La petite histoire des mots – Impérialisme
Georges Pop | Selon le philosophe Michel Eltchaninoff, rédacteur en chef du mensuel « Philosophie Magazine » et grand connaisseur de la Russie, les discours tenus par Vladimir Poutine, depuis son retour à la présidence russe en 2012, contiennent les germes de la déstabilisation de l’Ukraine. Selon lui, le maître du Kremlin est enfermé dans une idéologie « impérialiste et belliqueuse ». Il n’entre pas dans nos intentions de réunir ici des arguments pour lui donner tort ou raison, mais plutôt de se pencher sur les termes « impérialiste » et « impérialisme », très connotés idéologiquement, dans la mesure où ils sont couramment utilisés dans la propagande internationale pour dénoncer et discréditer la politique étrangère d’un adversaire.
Dérivé du latin « imperium » qui, dans l’Antiquité romaine désignait la puissance publique et le pouvoir politique, le mot « impérialisme » apparut presque simultanément en français et en anglais (imperialism) au XIXe siècle, d’abord pour définir, de façon neutre, une tendance favorable au régime napoléonien puis, au sens moderne, la politique d’expansion coloniale britannique.

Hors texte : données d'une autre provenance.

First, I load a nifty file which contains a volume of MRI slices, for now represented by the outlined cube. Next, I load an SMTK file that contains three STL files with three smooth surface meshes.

Le mot prit une charge très péjorative en 1902, après la parution d’un livre intitulé « Imperialism : A Study » de l’économiste et sociologue anglais John Atkinson Hobson. Dans ce discours politico-économique sur les aspects financiers, économiques et moraux néfastes de l’impérialisme en tant qu’entreprise commerciale nationaliste, l’auteur soutient la thèse que c’est l’activité commerciale capitaliste qui fait germer l’impérialisme. Cette thèse fut très vite embrassée par les auteurs marxistes de l’époque, comme le socialiste autrichien Rudolf Hilferding, la militante communiste allemande, d’origine polonaise, Rosa Luxemburg et le révolutionnaire russe Vladimir Ilitch Oulianov, alias Lénine, qui dans son livre « L’Impérialisme, stade suprême du capitalisme », publié en 1917, accuse les grandes puissances capitalistes de son temps de vouloir se partager le monde, ses ressources et ses richesses.

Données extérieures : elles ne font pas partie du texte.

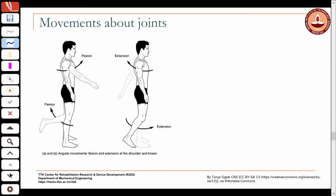Now, let us talk about the terminology associated with joints. Now we know what the different kinds of joints are that are present in the body, let us talk about some of the terminology associated with these movements and how they are used.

Fortes de cet héritage idéologique marxiste, la gauche et surtout l’extrême-gauche, par la suite, ne qualifièrent d’ « impérialistes » que les seules guerres coloniales ou hégémoniques des puissances occidentales « capitalistes », à commencer par celles conduites par les Etats-Unis et leurs alliés. En revanche les guerres hégémoniques de l’URSS, comme l’invasion de la Finlande, en 1939, celle de la Pologne, la même année, en complicité avec l’Allemagne nazie, ou celle de l’Afghanistan en 1989, échappèrent complaisamment à ce « méchant » qualificatif. Depuis la chute du mur de Berlin et l’implosion de l’URSS, cependant, le mot « impérialisme » n’est plus le monopole de la gauche. La droite l’utilise aussi, de plus en plus fréquemment, pour dénoncer les expansionnismes belliqueux, celui de Vladimir Poutine, par exemple.
En définitive, peut-être pourrait-on aujourd’hui retenir cette appréciation de l’impérialisme proposée par l’ancien premier ministre français, Pierre Messmer, un homme de droite, ancien militaire proche du général de Gaulle. Engagé dans les Forces françaises libres (FFL), aux heures sombres de l’occupation nazie, il fut après-guerre administrateur colonial en Afrique et organisa la répression pendant la guerre d’indépendance du Cameroun. A propos de cet épisode de sa vie, quelques années avant sa mort, en 2007, il écrivit : « Une fois de plus, la démonstration était faite que toute intervention militaire extérieure porte en elle le germe de l’impérialisme ».